Dans votre livre Amours, délices et orgues, vous racontez qu’il vous est arrivé d’improviser à l’église à la manière de Bach. C’était bien malin de votre part…
Je me levais parfois un peu tard le dimanche matin et je chantais en grégorien le commun de la messe que tout le monde connaissait. Mais pour le propre de la messe, j’ouvrais mon livre et comme je ne savais pas tellement bien lire le grégorien, j’improvisais et mon curé ne savait absolument pas faire la différence. Un jour, un bénédictin qui connaissait très bien le grégorien était là comme invité. Il m’a fait venir après la messe pour me dire que j’étais un petit coquin…
Vous n’êtes pas pratiquant, mais vous dites avoir toujours eu la fibre mystique.
Je ne suis pas un philosophe mystique, mais je crois à des choses. Comme je le disais à mon fils Fred dans le film Allegro ma non troppo qu’il a fait sur ma carrière: je ne peux pas croire qu’il n’y ait rien qui sous-tende ce grand mouvement de la vie. Mais quoi? Je n’ai jamais perdu la foi du charbonnier, j’ai une attitude positive vis-à-vis ce grand mouvement dont je fais partie.

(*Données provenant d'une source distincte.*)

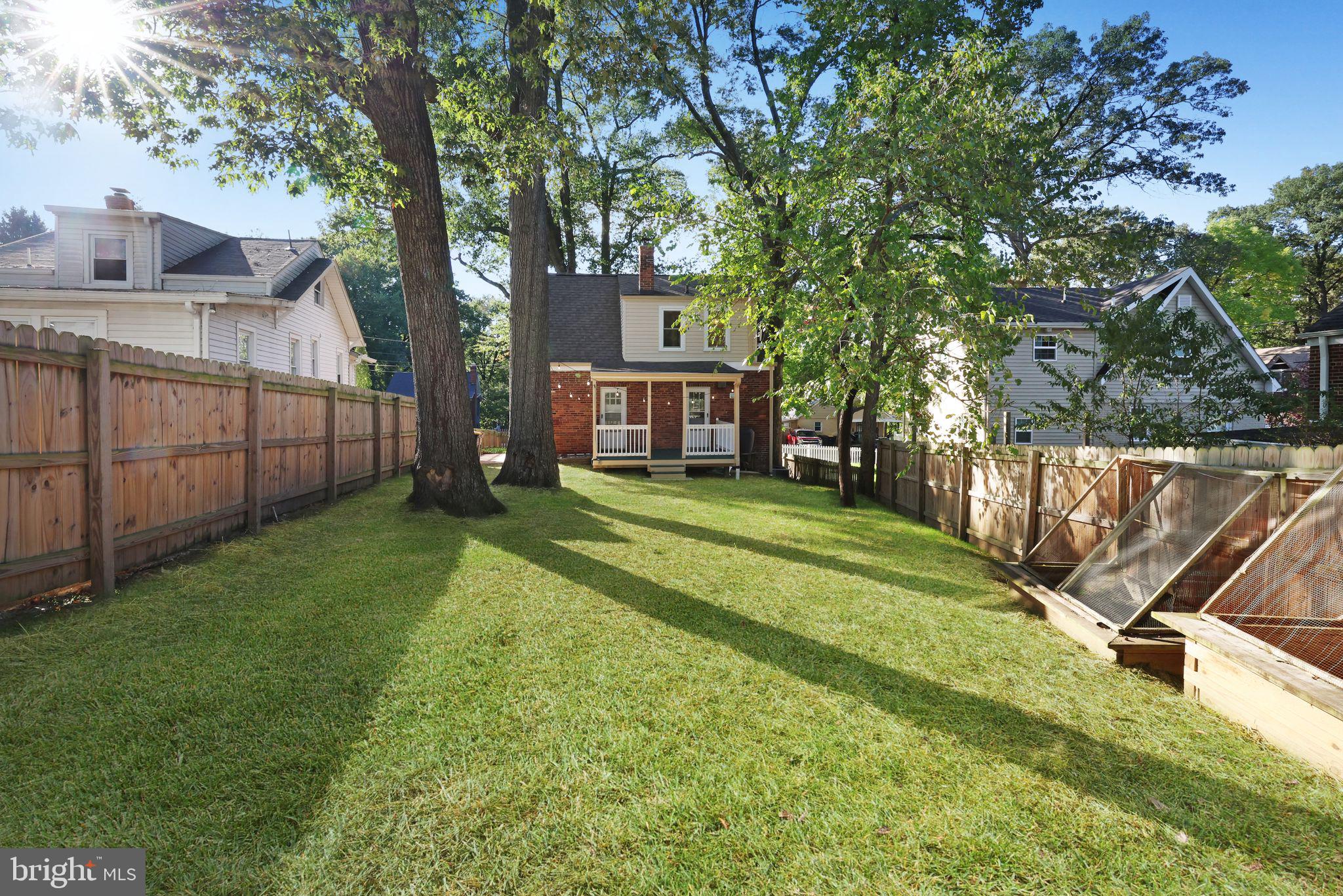 HYATTSVILLE HILLS - Residential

Il y a du rythme dans la nature, un oscillement depuis le début des temps et Dieu serait peut-être ce mouvement-là… Ce mystère m’intéresse. J’ai toujours été attiré par la magie de la liturgie. L’encens a imprégné mon petit monde d’enfant, d’autant plus que pour mes parents, tout ce qui avait rapport à la religion était quelque chose de positif. Je me souviens que très jeune, on chantait les célébrations du Vendredi saint avec beaucoup de plaisir. Ce n’était pas une obligation.
En ce moment, vous travaillez justement à l’écriture d’un requiem.
Quand on a 80 ans, une demande de requiem, ça porte à réfléchir… J’écris ce requiem en restant très proche du texte. Beaucoup de compositeurs du temps passé mettaient une musique joyeuse sur le Kyrie. Moi, j’ai fait une complainte, car le texte dit « Prends pitié ». L’inspiration de ce requiem, c’est l’interrogation. Qui sommes-nous, où allons-nous, que valons-nous, pourquoi tout ça ? J’ai des thèmes pour le Libera, le Dies irae, l’In paradisum, environ une dizaine de textes pour constituer un requiem d’une quarantaine de minutes. Au lieu de composer quelque chose de tendre ou de larmoyant pour l’In paradisum, je veux une chanson joyeuse. Je ne suis pas nécessairement les courants de la musique religieuse d’époque.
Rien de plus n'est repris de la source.